Pilkada DKI Jakarta 2017 ibarat medan pertempuran yang dalam kisah Mahabarata terjadi di Kurusetra. Enam Srikandi Pandu Juang terlibat dalam kerasnya laga Pilkada yang didominasi isu SARA itu. inilah kisah para perempuan Pandu Juang mengarungi kerasnya kontestasi pemilihan gubernur DKI Jakarta.

Berkali-kali diterjunkan DPD PDI Perjuangan Jawa Tengah ke arena Pilkada, Sulistyorini merasa tugas Pilkada Jakarta 2017 sebagai yang paling berat. Apalagi Rini, panggilannya, ditugaskan sebagai Pandu Juang di Kelurahan Gelora, Kecamatan Tanah Abang, Jakarta Pusat. Wilayah ini terkenal sebagai basis ormas radikal pendukung pasangan lawan. “Berkali-kali kegiatan kami dihalau ormas-ormas itu,” ungkap Rini yang menjabat pengurus BSPN DPD PDI Perjuangan Jawa Tengah. Sayangnya langkah perempuan kelahiran Grobogan itu tidak didukung maksimal pengurus ranting dan anak ranting PDI Perjuangan setempat gara-gara dualisme kepengurusan.

Di Kelurahan Utan Panjang, Jakarta Pusat, Maria Tri Mangesti menghadapi persoalan sama. Pandu Juang Anggota Fraksi PDI Perjuangan DPRD Jateng ini terganggu kinerjanya akibat ketidakharmonisan antar-pengurus PDI Perjuangan setempat.
Sedangkan langkah Kristiani di Kemayoran, Jakarta Pusat lancar-lancar saja. Ia fokus merebut pemilih swing voter yang masih ragu-ragu memilih Ahok–Djarot.

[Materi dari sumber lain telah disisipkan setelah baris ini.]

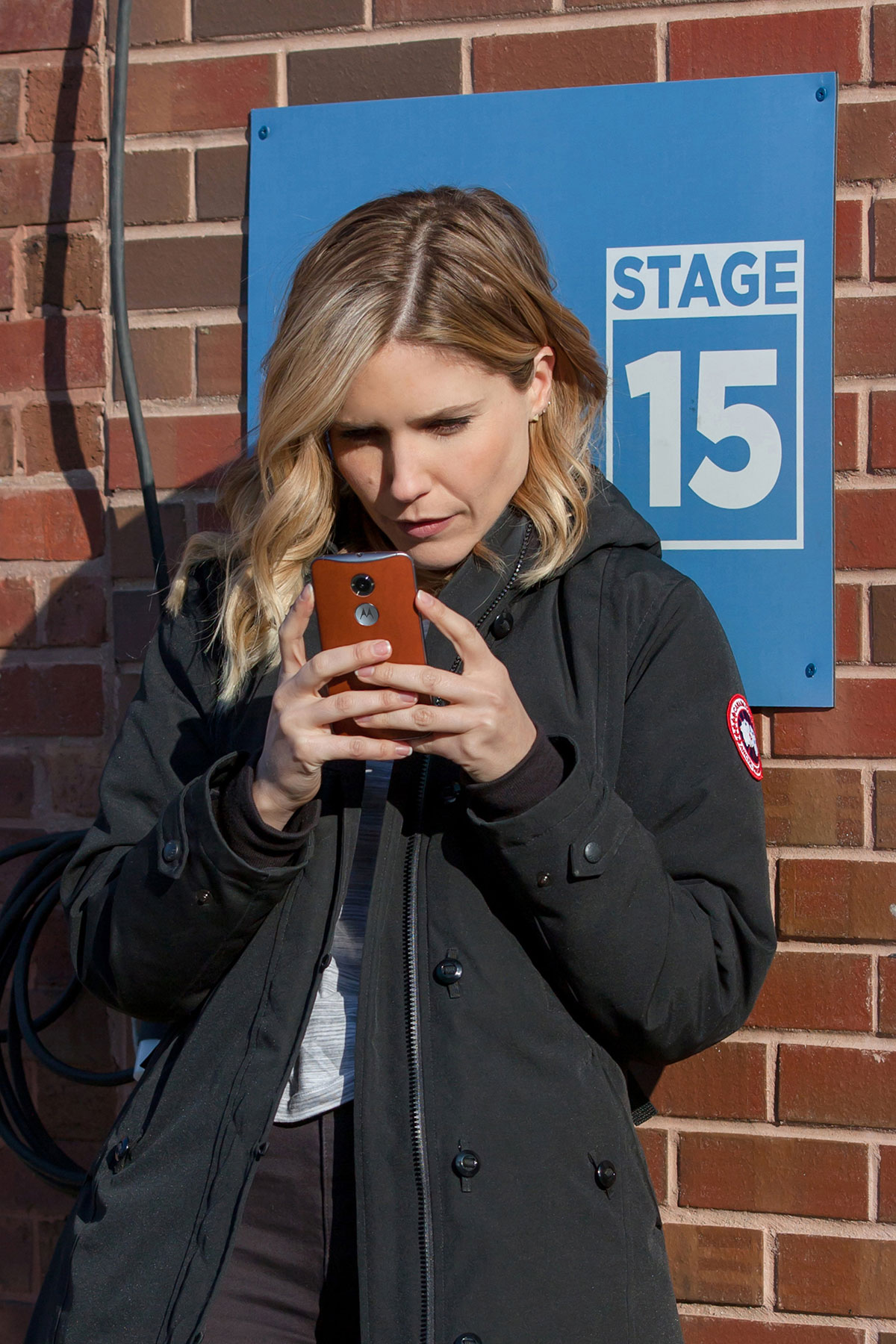 Sophia Bush On The Set Of Chicago Pd In Wallpaper
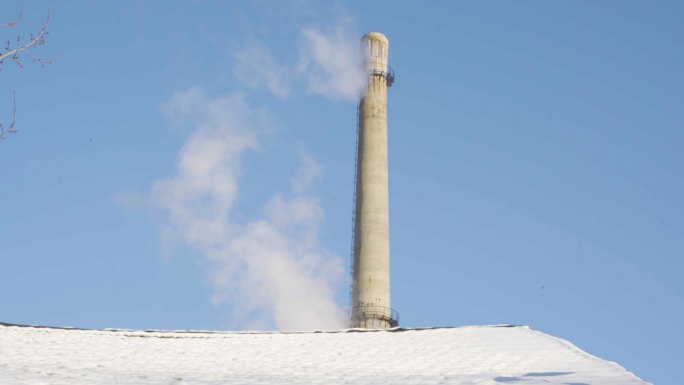 冬季屋顶积雪白烟炊烟取暖供暖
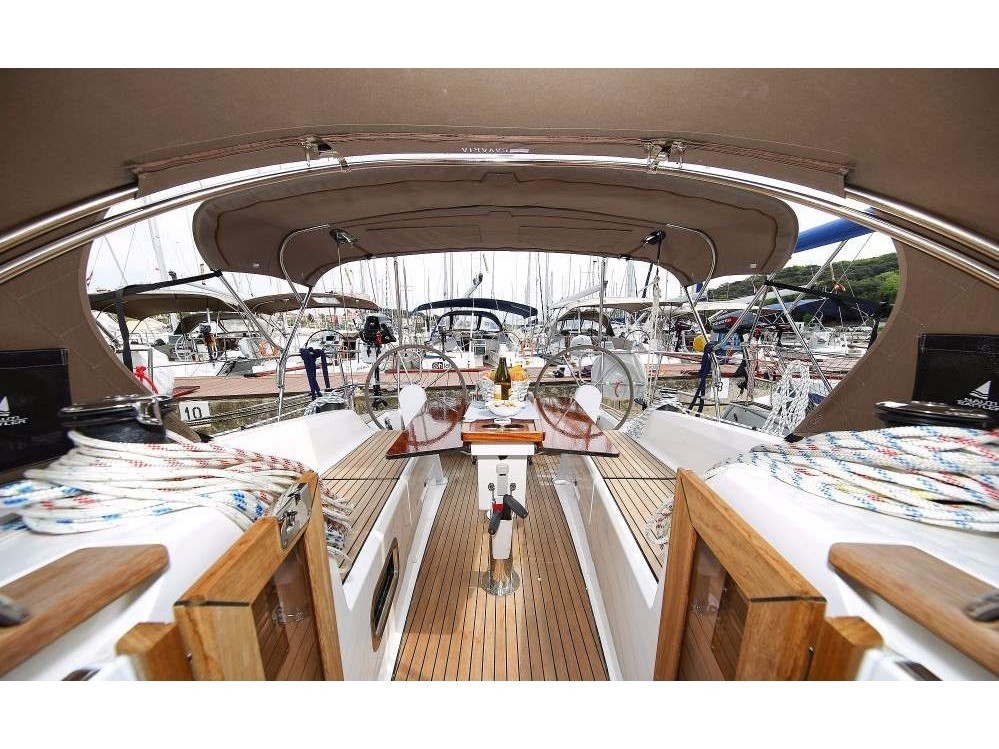Yacht BAVARIA - Cruiser 34 "Goccia"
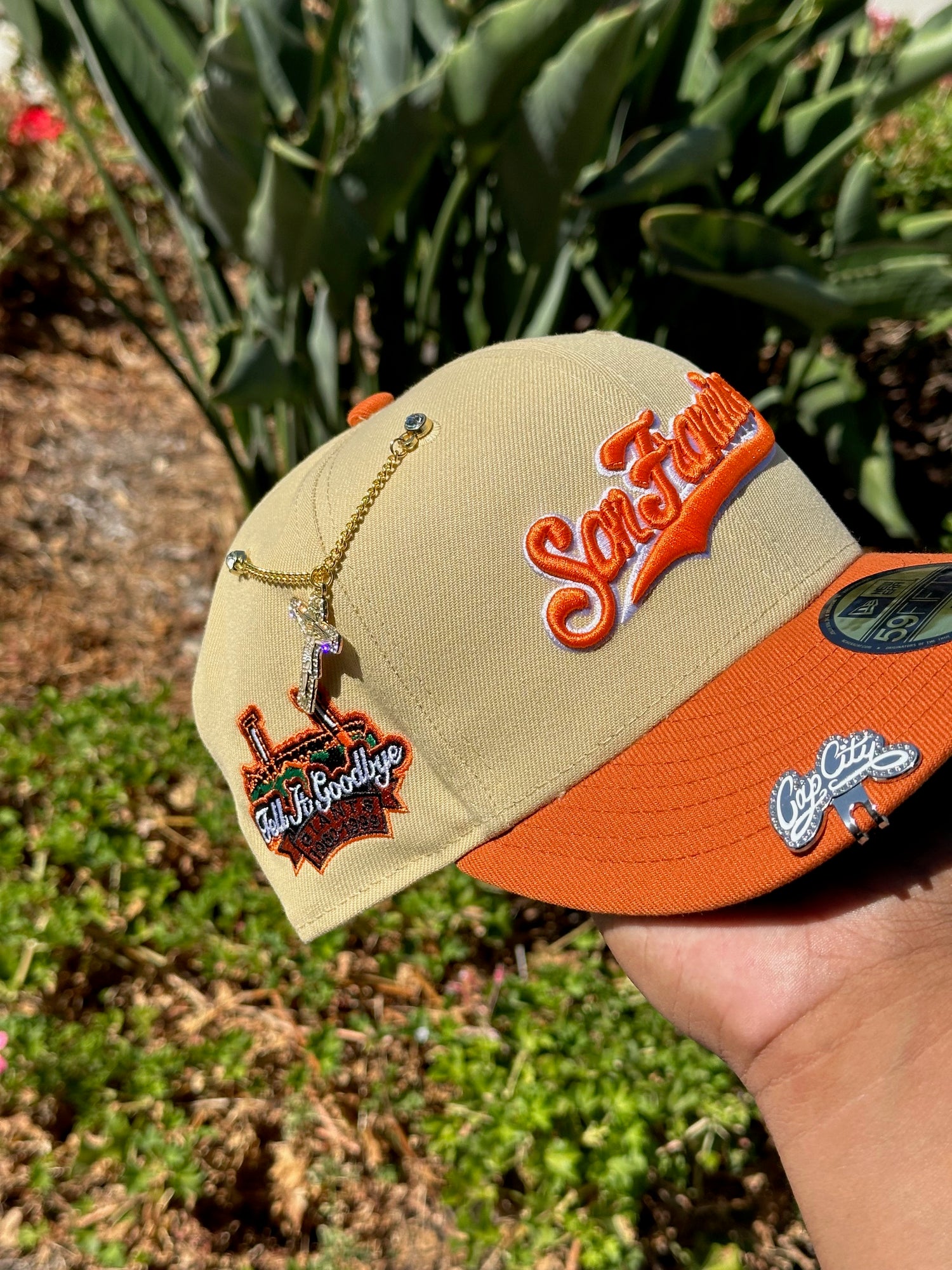 NEW ERA EXCLUSIVE 59FIFTY VEGAS GOLD/ORANGE SAN FRANCISCO GIANTS SCRIPT W/ "TELL IT GOODBYE" SIDE PATCH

Pandu Juang yang juga Anggota DPRD Jateng, Endrianingsih Yunita melawan isu SARA dengan pengajian keliling di kelurahan Halim, Jakarta Timur. “Masyarakat Halim Perdana Kusuma takut untuk menentukan pilihannya dalam Pilkada DKI terkait dengan berita atau isu agama yang berkembang,” ungkapnya. Anggota Badan Diklat (BADIKLAT) DPD PDI Perjuangan Jawa Tengah itu rajin blusukan untuk mengembalikan keberanian warga sekaligus meluncurkankan program kampanye.
Dari blusukan itulah Endrianingsih menemukan Siti Maryah (68) yang harus diamputasi kakinya akibat dibiarkan tanpa perawatan setelah kecelakaan kendaraan yang menimpanya beberapa tahun silam. Ia segera membawa nenek miskin itu ke rumah sakit untuk operasi amputasi.
Isu SARA yang keras menggempur wilayah penugasan Lina Hartini di Kecamatan Tambora, Jakarta Barat. Pada putaran pertama, perempuan berhijab ini fokus menghidupkan kembali posko-posko ranting yang telah lama mati karena ketakutan terhadap isu-isu SARA.

Lina bercerita kegiatan bazaar sembako murahnya hendak dibubarkan oleh ormas radikal pendukung pasangan calon lawan. Namun Lina bergeming. Ia menyuruh semua timnya untuk tetap tenang dan melanjutkan kegiatan bazar sembako. “Kalau kita berani, mereka juga mundur, kok,” jelas anggota Fraksi PDI Perjuangan DPRD Blora ini.
Bila Lina direpotkan ulah pendukung lawan, Pandu Juang Dyah Ratna Harimurti justru pusing gara-gara ulah para Relawan pendukung Ahok – Djarot di Pegadungan, Jakarta Barat.

Detty, nama panggilan Dyah Ratna Harimurti, berkisah pengalamannya menjelang hari pencoblosan 19 April 2017. Berbeda dengan putaran pertama, urusan saksi pada pencoblosan putaran kedua tidak ditangani DPC PDI Perjuangan tapi diambil alih Relawan. “Padahal yang memiliki jajaran sampai anak ranting / RW adalah Struktural PDI Perjuangan,” ujar anggota DPRD Kota Semarang tersebut.
Akibatnya bisa ditebak: “Bukannya tambah rapi malah jadi ruwet,” ungkap Detty. Pada hari H pencoblosan, para Relawan yang menjadi saksi datang terlambat karena bukan warga setempat. “Mereka baru datang jam 12 siang, padahal saksi kubu lawan sejak jam 7 pagi sudah di TPS,” ujar Detty kesal.